ACTIVITY: Begin at the first line below and copy each line exactly, ending with the line where "New 2026 BMW" appears.

──────── DATA TO USE ────────

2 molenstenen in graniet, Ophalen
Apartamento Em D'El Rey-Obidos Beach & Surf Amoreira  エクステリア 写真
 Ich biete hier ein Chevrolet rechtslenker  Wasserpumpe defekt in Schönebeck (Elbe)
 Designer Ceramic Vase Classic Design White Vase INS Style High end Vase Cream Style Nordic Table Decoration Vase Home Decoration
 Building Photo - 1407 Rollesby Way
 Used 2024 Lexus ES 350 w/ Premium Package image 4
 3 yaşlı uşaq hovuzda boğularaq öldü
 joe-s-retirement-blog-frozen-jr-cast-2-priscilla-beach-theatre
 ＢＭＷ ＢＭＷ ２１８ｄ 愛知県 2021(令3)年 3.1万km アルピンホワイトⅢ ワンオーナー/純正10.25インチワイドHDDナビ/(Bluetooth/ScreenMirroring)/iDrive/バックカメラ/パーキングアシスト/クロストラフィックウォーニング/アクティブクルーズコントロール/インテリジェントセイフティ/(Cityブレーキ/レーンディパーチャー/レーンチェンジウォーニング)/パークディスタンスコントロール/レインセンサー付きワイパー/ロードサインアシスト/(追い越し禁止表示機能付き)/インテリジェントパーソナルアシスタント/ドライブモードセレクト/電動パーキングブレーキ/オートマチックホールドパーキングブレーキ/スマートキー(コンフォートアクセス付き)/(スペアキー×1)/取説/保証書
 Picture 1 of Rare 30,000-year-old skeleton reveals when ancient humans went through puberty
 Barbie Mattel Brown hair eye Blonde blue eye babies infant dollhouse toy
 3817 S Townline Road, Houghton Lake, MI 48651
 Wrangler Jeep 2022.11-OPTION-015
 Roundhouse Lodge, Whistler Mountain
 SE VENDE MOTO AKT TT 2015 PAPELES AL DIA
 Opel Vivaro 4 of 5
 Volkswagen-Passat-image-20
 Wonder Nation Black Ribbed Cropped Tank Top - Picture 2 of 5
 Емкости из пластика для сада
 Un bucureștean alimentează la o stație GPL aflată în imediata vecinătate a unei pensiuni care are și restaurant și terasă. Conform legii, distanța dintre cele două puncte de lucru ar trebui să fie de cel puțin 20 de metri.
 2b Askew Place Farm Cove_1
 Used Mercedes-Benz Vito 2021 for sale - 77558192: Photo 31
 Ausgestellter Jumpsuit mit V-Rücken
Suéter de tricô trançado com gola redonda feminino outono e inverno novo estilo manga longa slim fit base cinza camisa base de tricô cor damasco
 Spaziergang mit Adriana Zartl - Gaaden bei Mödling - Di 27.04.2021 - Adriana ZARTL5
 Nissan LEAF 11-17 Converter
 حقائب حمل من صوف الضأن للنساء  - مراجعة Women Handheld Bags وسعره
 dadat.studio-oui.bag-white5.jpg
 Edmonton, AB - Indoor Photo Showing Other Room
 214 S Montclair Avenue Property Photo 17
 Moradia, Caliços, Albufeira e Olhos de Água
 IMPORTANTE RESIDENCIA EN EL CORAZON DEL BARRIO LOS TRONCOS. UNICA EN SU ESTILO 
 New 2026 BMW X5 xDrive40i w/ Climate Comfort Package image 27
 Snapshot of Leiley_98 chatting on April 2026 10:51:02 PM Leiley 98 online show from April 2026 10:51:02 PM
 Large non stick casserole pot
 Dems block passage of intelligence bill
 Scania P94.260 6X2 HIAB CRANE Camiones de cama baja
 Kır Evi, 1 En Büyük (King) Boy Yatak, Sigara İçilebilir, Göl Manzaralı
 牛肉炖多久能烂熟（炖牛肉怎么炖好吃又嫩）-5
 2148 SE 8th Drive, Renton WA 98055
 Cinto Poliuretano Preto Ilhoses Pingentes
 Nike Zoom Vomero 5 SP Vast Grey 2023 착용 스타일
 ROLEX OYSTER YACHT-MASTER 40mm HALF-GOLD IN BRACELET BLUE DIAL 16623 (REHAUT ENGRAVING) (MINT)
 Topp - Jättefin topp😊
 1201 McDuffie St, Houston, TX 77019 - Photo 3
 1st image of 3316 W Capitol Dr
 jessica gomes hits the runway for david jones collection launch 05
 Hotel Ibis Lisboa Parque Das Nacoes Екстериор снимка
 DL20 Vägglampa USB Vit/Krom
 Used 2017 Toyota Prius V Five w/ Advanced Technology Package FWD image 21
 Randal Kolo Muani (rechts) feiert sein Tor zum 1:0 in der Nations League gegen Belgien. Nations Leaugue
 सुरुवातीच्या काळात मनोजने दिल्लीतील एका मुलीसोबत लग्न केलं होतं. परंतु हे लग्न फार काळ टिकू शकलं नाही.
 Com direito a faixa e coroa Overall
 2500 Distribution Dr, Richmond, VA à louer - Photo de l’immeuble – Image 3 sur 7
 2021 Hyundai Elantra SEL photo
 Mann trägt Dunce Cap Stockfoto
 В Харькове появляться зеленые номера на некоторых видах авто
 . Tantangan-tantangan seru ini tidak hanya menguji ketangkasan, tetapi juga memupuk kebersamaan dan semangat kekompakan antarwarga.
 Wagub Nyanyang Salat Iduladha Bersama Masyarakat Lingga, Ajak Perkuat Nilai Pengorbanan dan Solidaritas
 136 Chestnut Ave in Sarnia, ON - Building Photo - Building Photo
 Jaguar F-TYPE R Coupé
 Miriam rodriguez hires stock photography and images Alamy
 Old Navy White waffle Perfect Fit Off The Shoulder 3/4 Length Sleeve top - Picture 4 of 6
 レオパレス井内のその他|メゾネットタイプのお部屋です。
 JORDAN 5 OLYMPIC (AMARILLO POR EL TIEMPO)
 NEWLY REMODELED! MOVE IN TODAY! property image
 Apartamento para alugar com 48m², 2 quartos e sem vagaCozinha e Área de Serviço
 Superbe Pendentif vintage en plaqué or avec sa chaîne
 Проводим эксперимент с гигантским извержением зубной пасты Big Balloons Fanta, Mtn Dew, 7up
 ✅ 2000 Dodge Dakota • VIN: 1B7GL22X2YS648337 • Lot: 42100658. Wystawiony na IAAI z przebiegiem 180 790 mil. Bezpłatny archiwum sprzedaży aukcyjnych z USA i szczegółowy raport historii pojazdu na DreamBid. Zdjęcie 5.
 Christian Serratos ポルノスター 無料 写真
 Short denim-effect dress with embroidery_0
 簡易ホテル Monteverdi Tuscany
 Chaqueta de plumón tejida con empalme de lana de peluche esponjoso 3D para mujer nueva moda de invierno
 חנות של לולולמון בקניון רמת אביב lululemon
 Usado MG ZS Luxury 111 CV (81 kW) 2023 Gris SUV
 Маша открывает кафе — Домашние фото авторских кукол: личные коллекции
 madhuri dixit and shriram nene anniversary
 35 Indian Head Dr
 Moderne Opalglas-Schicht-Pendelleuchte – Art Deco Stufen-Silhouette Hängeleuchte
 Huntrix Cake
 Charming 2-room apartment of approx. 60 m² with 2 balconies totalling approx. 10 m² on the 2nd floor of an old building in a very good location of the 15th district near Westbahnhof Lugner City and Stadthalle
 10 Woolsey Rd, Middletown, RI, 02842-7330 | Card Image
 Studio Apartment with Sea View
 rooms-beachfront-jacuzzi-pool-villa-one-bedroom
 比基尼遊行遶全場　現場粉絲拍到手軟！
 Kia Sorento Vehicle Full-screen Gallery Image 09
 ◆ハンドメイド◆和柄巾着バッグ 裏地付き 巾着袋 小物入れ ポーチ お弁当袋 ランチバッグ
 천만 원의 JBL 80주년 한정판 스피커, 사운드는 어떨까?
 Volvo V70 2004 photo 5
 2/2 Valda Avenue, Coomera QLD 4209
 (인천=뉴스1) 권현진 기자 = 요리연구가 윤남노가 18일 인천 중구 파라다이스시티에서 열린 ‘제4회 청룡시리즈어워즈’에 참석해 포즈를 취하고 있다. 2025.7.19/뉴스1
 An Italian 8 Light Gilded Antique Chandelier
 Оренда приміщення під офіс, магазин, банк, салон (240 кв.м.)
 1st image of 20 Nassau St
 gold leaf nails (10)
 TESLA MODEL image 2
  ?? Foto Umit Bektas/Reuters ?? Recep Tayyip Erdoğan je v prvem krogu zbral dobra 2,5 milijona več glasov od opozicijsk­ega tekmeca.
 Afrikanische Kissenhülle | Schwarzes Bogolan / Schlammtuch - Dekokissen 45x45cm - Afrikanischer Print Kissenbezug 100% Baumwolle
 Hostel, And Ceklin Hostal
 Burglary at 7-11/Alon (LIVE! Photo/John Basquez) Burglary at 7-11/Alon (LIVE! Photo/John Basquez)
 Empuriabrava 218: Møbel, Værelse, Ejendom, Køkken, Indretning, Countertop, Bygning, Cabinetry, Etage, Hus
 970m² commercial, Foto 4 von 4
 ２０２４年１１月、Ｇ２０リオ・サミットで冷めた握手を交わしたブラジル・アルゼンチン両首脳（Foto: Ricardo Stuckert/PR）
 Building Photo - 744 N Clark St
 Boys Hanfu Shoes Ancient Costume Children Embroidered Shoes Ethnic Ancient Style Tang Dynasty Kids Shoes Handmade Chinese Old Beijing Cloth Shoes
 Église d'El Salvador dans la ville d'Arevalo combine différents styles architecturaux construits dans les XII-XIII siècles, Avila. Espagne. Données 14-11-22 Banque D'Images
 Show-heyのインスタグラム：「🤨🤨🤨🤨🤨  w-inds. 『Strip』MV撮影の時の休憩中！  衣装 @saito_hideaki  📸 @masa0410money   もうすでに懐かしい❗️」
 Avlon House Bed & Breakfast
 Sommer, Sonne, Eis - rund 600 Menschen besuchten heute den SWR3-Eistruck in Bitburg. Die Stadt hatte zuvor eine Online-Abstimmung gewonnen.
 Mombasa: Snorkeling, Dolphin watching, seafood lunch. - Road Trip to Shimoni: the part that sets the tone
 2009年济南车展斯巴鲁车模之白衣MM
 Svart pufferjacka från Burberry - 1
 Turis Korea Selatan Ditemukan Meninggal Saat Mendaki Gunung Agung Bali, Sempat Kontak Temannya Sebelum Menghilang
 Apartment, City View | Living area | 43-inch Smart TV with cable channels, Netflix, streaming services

────────

RESULT OF THE TASK:
2 molenstenen in graniet, Ophalen
Apartamento Em D'El Rey-Obidos Beach & Surf Amoreira  エクステリア 写真
 Ich biete hier ein Chevrolet rechtslenker  Wasserpumpe defekt in Schönebeck (Elbe)
 Designer Ceramic Vase Classic Design White Vase INS Style High end Vase Cream Style Nordic Table Decoration Vase Home Decoration
 Building Photo - 1407 Rollesby Way
 Used 2024 Lexus ES 350 w/ Premium Package image 4
 3 yaşlı uşaq hovuzda boğularaq öldü
 joe-s-retirement-blog-frozen-jr-cast-2-priscilla-beach-theatre
 ＢＭＷ ＢＭＷ ２１８ｄ 愛知県 2021(令3)年 3.1万km アルピンホワイトⅢ ワンオーナー/純正10.25インチワイドHDDナビ/(Bluetooth/ScreenMirroring)/iDrive/バックカメラ/パーキングアシスト/クロストラフィックウォーニング/アクティブクルーズコントロール/インテリジェントセイフティ/(Cityブレーキ/レーンディパーチャー/レーンチェンジウォーニング)/パークディスタンスコントロール/レインセンサー付きワイパー/ロードサインアシスト/(追い越し禁止表示機能付き)/インテリジェントパーソナルアシスタント/ドライブモードセレクト/電動パーキングブレーキ/オートマチックホールドパーキングブレーキ/スマートキー(コンフォートアクセス付き)/(スペアキー×1)/取説/保証書
 Picture 1 of Rare 30,000-year-old skeleton reveals when ancient humans went through puberty
 Barbie Mattel Brown hair eye Blonde blue eye babies infant dollhouse toy
 3817 S Townline Road, Houghton Lake, MI 48651
 Wrangler Jeep 2022.11-OPTION-015
 Roundhouse Lodge, Whistler Mountain
 SE VENDE MOTO AKT TT 2015 PAPELES AL DIA
 Opel Vivaro 4 of 5
 Volkswagen-Passat-image-20
 Wonder Nation Black Ribbed Cropped Tank Top - Picture 2 of 5
 Емкости из пластика для сада
 Un bucureștean alimentează la o stație GPL aflată în imediata vecinătate a unei pensiuni care are și restaurant și terasă. Conform legii, distanța dintre cele două puncte de lucru ar trebui să fie de cel puțin 20 de metri.
 2b Askew Place Farm Cove_1
 Used Mercedes-Benz Vito 2021 for sale - 77558192: Photo 31
 Ausgestellter Jumpsuit mit V-Rücken
Suéter de tricô trançado com gola redonda feminino outono e inverno novo estilo manga longa slim fit base cinza camisa base de tricô cor damasco
 Spaziergang mit Adriana Zartl - Gaaden bei Mödling - Di 27.04.2021 - Adriana ZARTL5
 Nissan LEAF 11-17 Converter
 حقائب حمل من صوف الضأن للنساء  - مراجعة Women Handheld Bags وسعره
 dadat.studio-oui.bag-white5.jpg
 Edmonton, AB - Indoor Photo Showing Other Room
 214 S Montclair Avenue Property Photo 17
 Moradia, Caliços, Albufeira e Olhos de Água
 IMPORTANTE RESIDENCIA EN EL CORAZON DEL BARRIO LOS TRONCOS. UNICA EN SU ESTILO 
 New 2026 BMW X5 xDrive40i w/ Climate Comfort Package image 27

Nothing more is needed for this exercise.